Task brief:
Only the lines of the listing below that run from the line with "In this video we will check" through the line with "You would select" are to be set down, word for word. Pictures stay out.

============

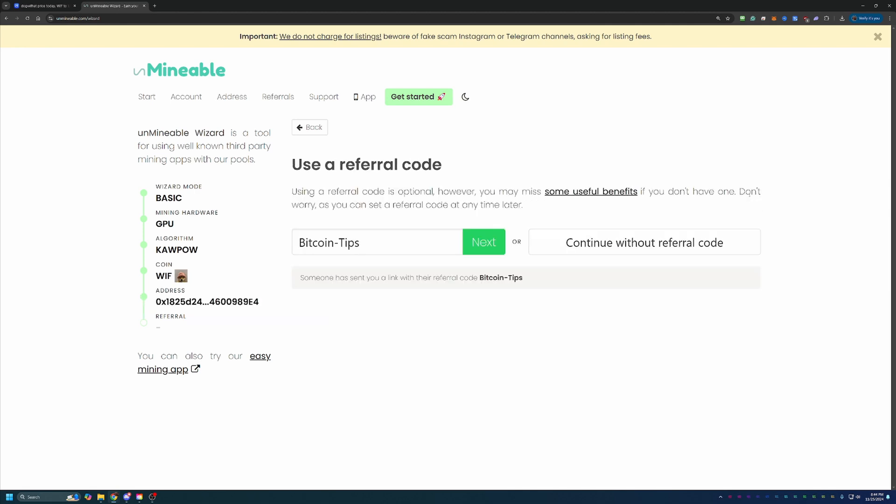The final step here before getting into the actual mining files is the referral code. If you use the link down below, you'll notice that my Bitcoin Tips referral code auto-populated into this box. If you didn't use it and are interested in saving 25% on your pool mining fee, the code is BITCOIN-TIPS with a capital B and a capital T.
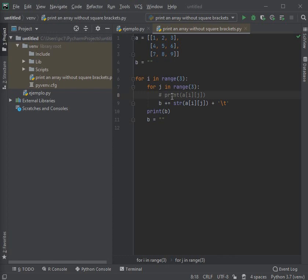Like this until completing three here. There are going to be nine iterations of the internal for. This external for has three, and for each iteration of this one there will be three of these. Three by three equals nine, the values that i and j have at that moment.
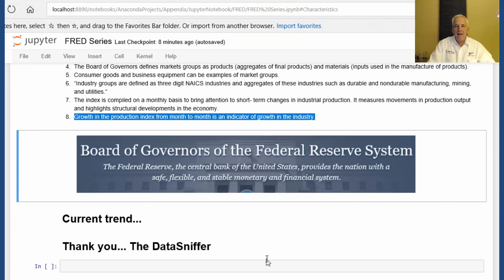That's all I have for this index. Stay tuned for more updates. Thank you. The Data Sniffer.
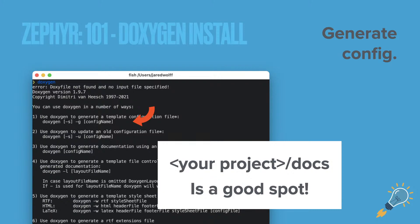One of the first things — I'm showing you right here — is just the output of Doxygen without any arguments. It gives you a bunch of options like how do you generate a template, how do you update config files, how do you generate documentation. You can do this yourself just to see how it works. For me, I generate a config file and put it in a docs subfolder of my application.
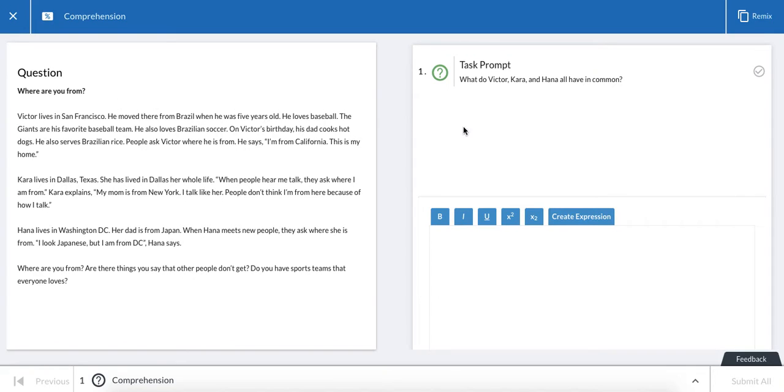And on the right side of the screen is going to be a prompt or a question for you to answer. Some of these questions will ask you to type, and others will be multiple choice.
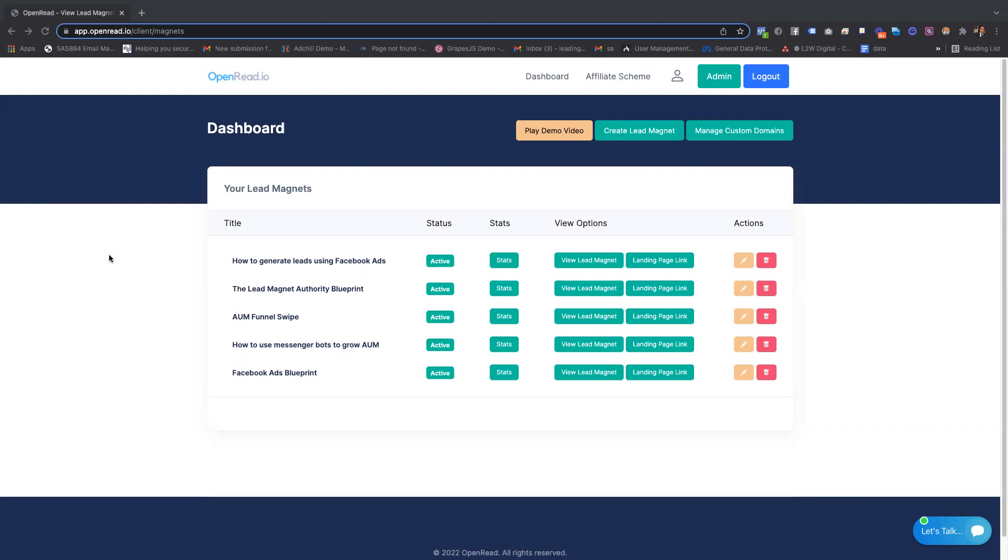The first one, I wanted to really find those hotter leads when running campaigns to promote my lead magnet. With existing solutions, you can see email open rates and click-through rates to the PDF at best, but nothing more.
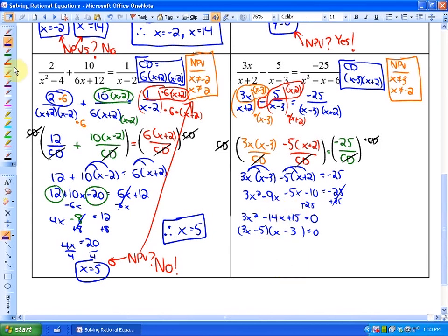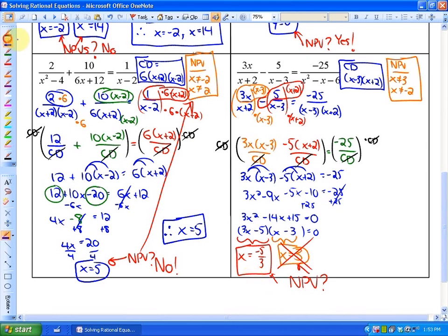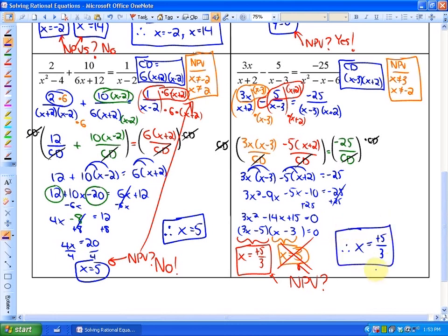From the factored form we get two potential solutions: x = 5/3 and x = 3. The last step is to check whether either is a non-permissible value. x = 3 is indeed an NPV, so it is not a valid solution. Therefore our only solution is x = 5/3.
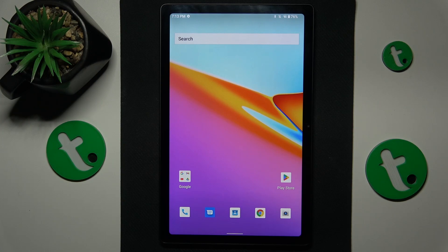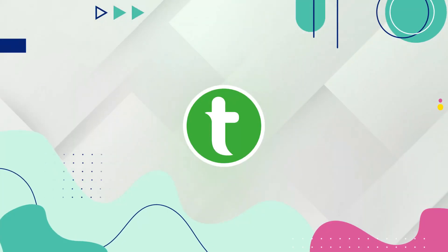This is the Chuvi HiPad Max, and today I will show how you can check your data usage on this device.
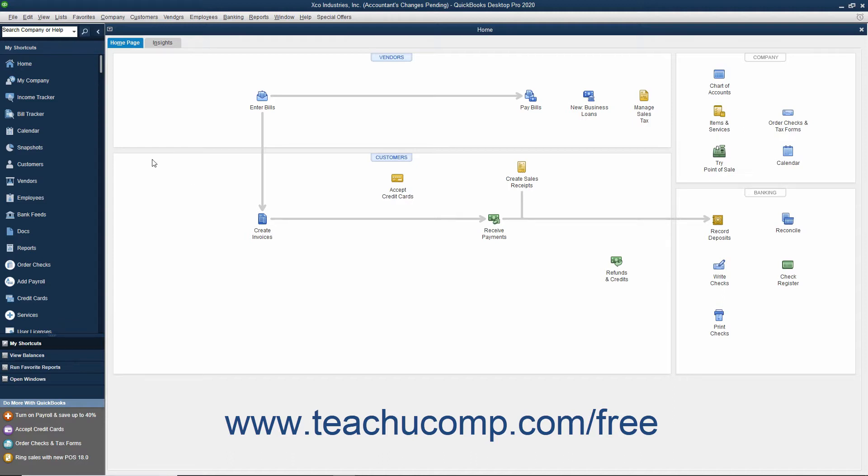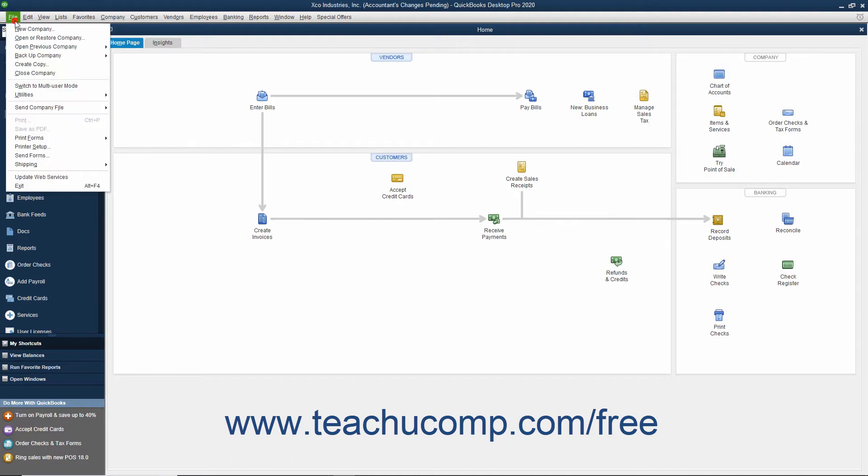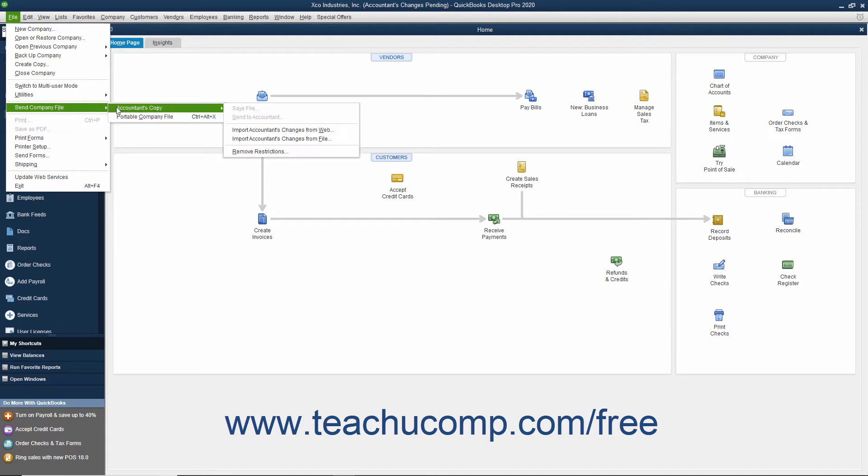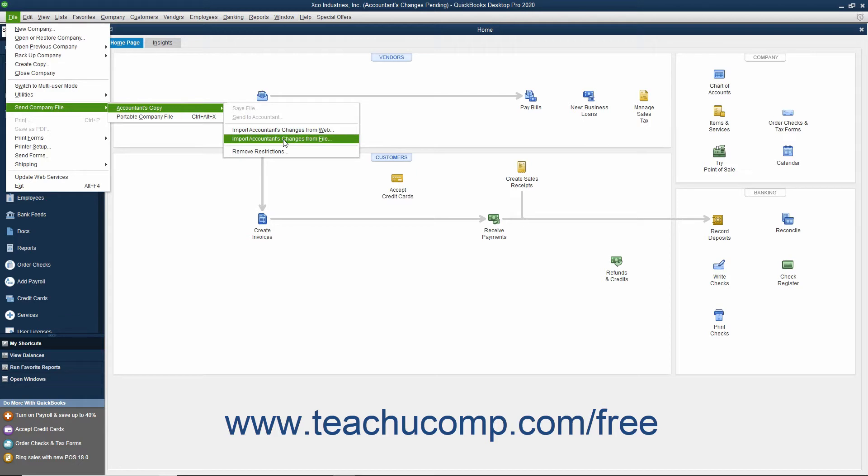Then select File, Send Company File, Accountant's Copy, Import Accountant's Changes from File from the menu bar.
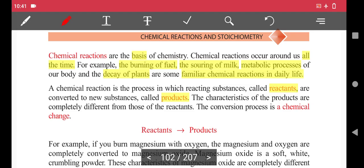In a chemical reaction, new substances are formed. The characteristics of the product are completely different from those of the reactants. This conversion process is called a chemical change.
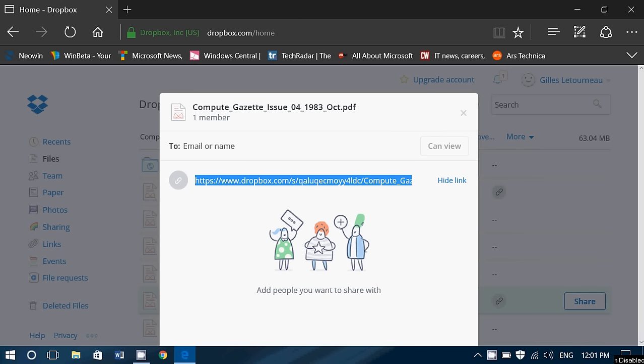Everybody can see what you share with this link. They only see what you share, nothing else, so they don't see the rest of what you have in your account.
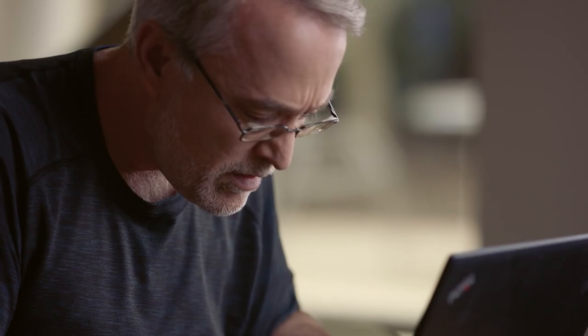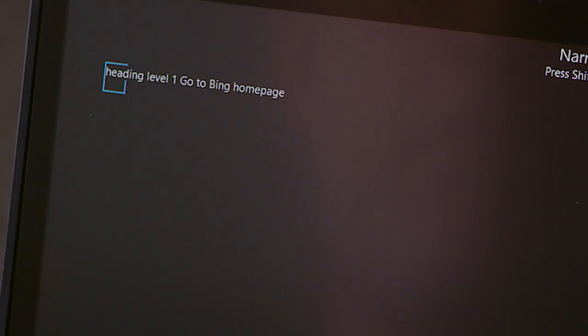So now you can see that we've blanked the screen. I'm going to press H to jump to the first header — 'Heading level one, go to Bing homepage.' And it will kind of immerse you in what it is like to not see your app.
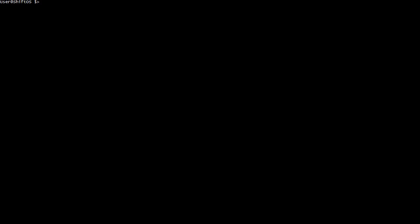Hey everyone, it's a developer of ShiftOS here. I'm just going to show you a quick preview of the Shiftorium, which is the way you spend code points to upgrade ShiftOS.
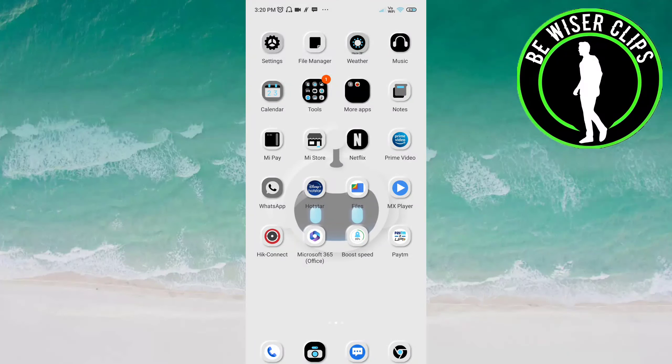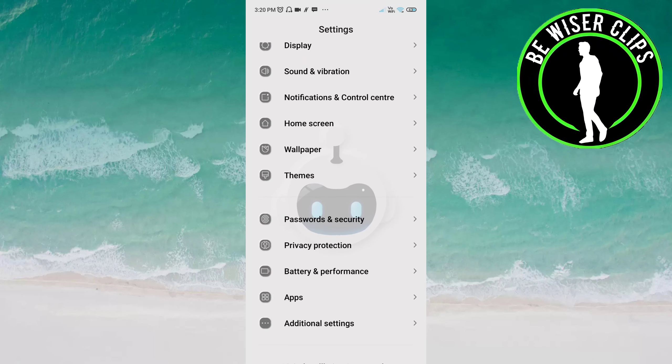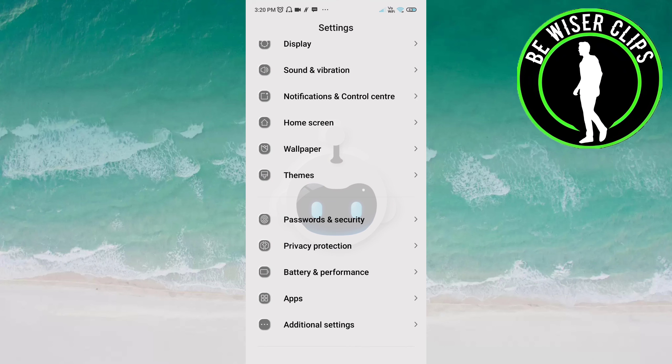Hello friends, welcome back again. In this video we will learn how to activate silent mode on the Android phone. Let's get started. Open the settings of your phone and go to Sound and Vibration.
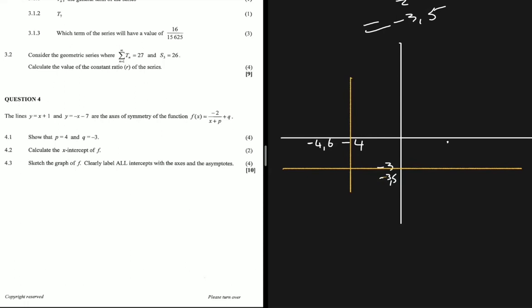For the graph to pass through minus 3.5 without crossing the horizontal asymptote, the branch must curve here. If it went the other way, it would have to cross the asymptote, which is wrong. The same is true on the side with the vertical asymptote - the branch goes through minus 4.6 but does not cut any asymptote. So with the asymptotes, the intercepts, and the correct shape, we have the completed sketch.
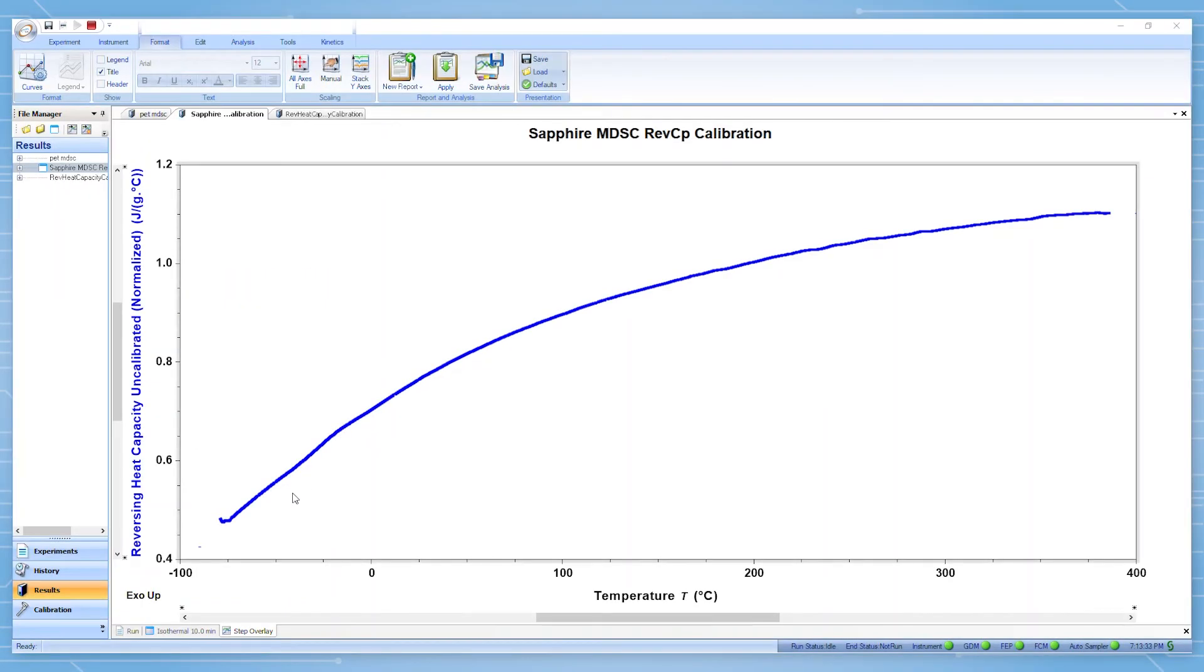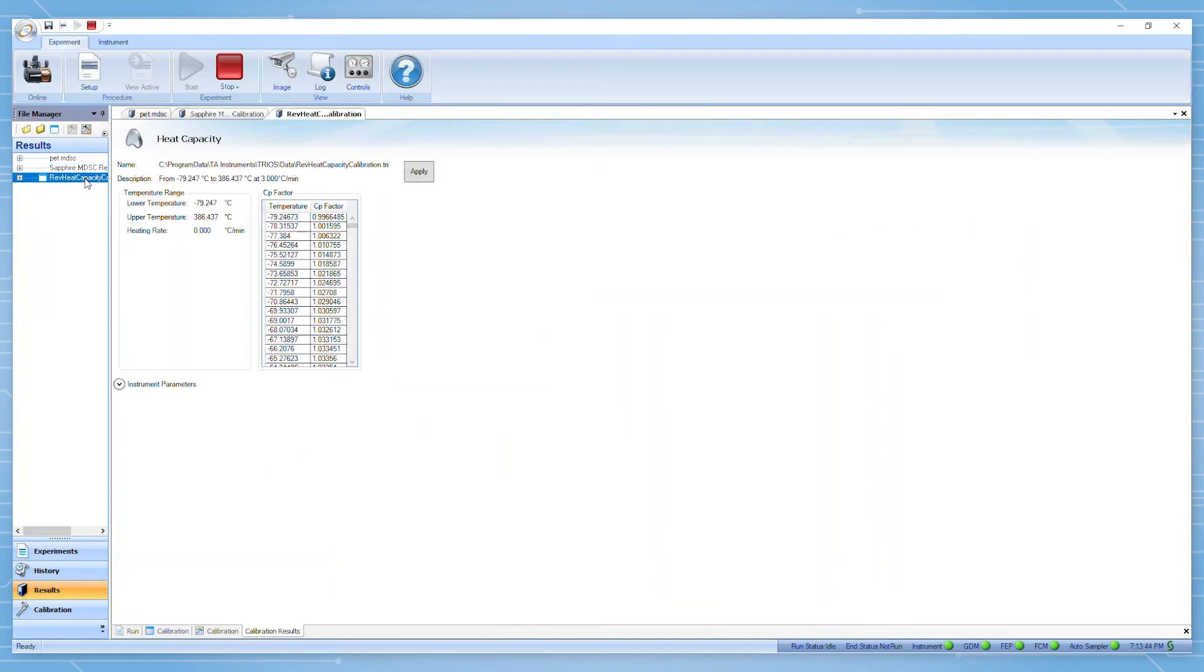At the conclusion of the experiment, you will find the data of the run which was just completed in the results pane. You will also see a file containing the calibration results. There we can see the correction factor which has now been applied as a function of temperature.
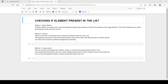In this video we will check if an element is present in a list, and we will see three methods of how we can do that. Before starting the video, please subscribe to our channel and press the bell notification icon to never miss out on our videos.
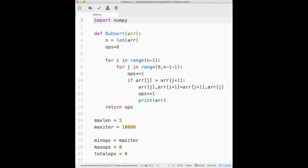Let's think about why this, at best, is going to take roughly n-squared operations, and also at worst why it's going to take roughly n-squared operations. To do that we need a little bit of math. We've got two nested for loops. If the outer for loop runs 10 times and the inner for loop runs 8 times, how many times does the inner loop actually run? 80.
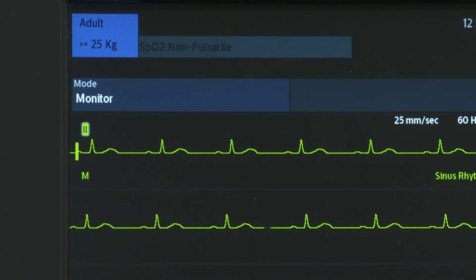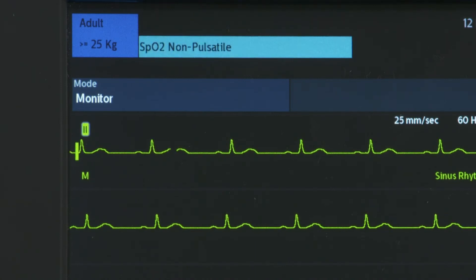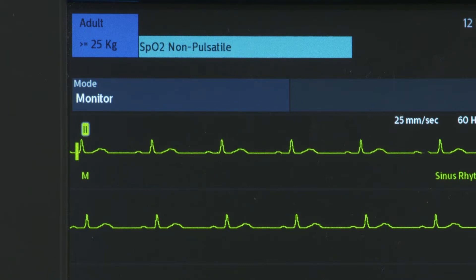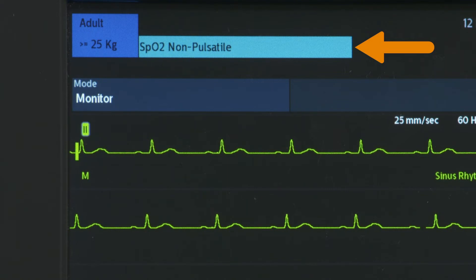Low priority alarms indicate a device problem or non-life-threatening condition, such as an SPO2 non-pulsatile message. They appear with a cyan background.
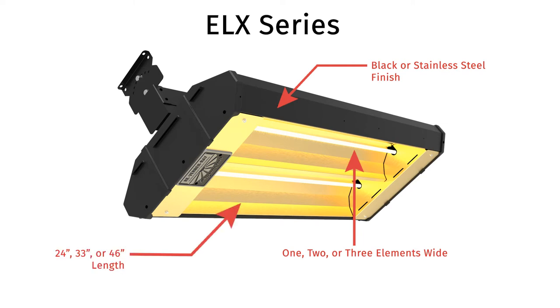The heater displayed is a 33 inch double element housing, but keep in mind that these units are also available in 24 inch and 46 inch, as well as with a single element or three elements.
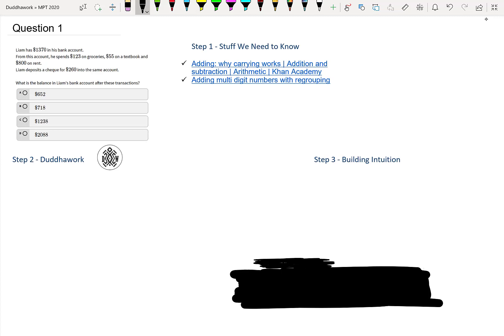Hello there, thanks for joining me for question one of the math proficiency test for teachers. Teachers need to pass this test now to get certified in Ontario. Before getting started, I would really appreciate it if you could click the subscribe button below so you don't miss the future videos.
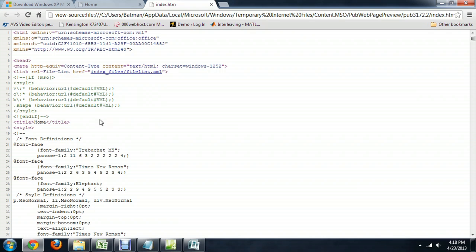You would select all of this and copy it into a notepad or something like that where you can actually hard code. And you would have to put your meta tag in that way, save the document again and bring it back into Publisher.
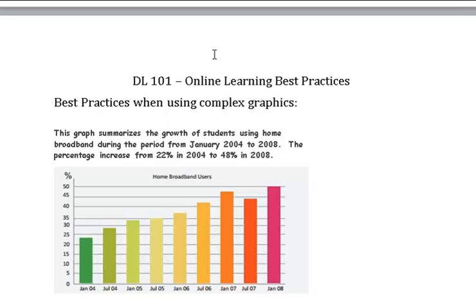Page two. Heading level two: DL 101 — Online Learning Best Practices. Heading level three: Best Practices When Using Complex Graphics. Shape field — graphic text box, 4.42 inches wide. This graph summarizes the growth of students using home broadband during the period from January 2004 to 2008. The percentage increased from 22% in 2004 to 48% in 2008. Graphic dimensions: 4.39 inches wide by 2.32 inches high.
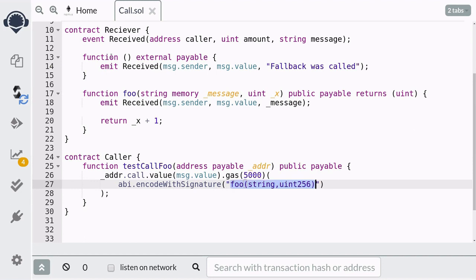The first parameter is the signature of the function that we want to call. The way to create a function signature is similar to how you would declare a function with some minor differences. First you start with the function name — in this case foo. Next we declare the type of inputs: since the foo function takes a string and a uint as inputs, here we declare string followed by uint. Note that there is no space between the comma, and this is important. Also instead of uint you need to declare the full name uint256, since uint is an alias for uint256. Finally, notice that we don't declare the type of output.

============

The answer:
In this video we will check if an element is present in a list, and we will see three methods of how we can do that. Before starting the video, please subscribe to our channel and press the bell notification icon to never miss out on our videos.
Let's think about why this, at best, is going to take roughly n-squared operations, and also at worst why it's going to take roughly n-squared operations. To do that we need a little bit of math. We've got two nested for loops. If the outer for loop runs 10 times and the inner for loop runs 8 times, how many times does the inner loop actually run? 80.
Low priority alarms indicate a device problem or non-life-threatening condition, such as an SPO2 non-pulsatile message. They appear with a cyan background.
The heater displayed is a 33 inch double element housing, but keep in mind that these units are also available in 24 inch and 46 inch, as well as with a single element or three elements.
Hello there, thanks for joining me for question one of the math proficiency test for teachers. Teachers need to pass this test now to get certified in Ontario. Before getting started, I would really appreciate it if you could click the subscribe button below so you don't miss the future videos.
You would select all of this and copy it into a notepad or something like that where you can actually hard code. And you would have to put your meta tag in that way, save the document again and bring it back into Publisher.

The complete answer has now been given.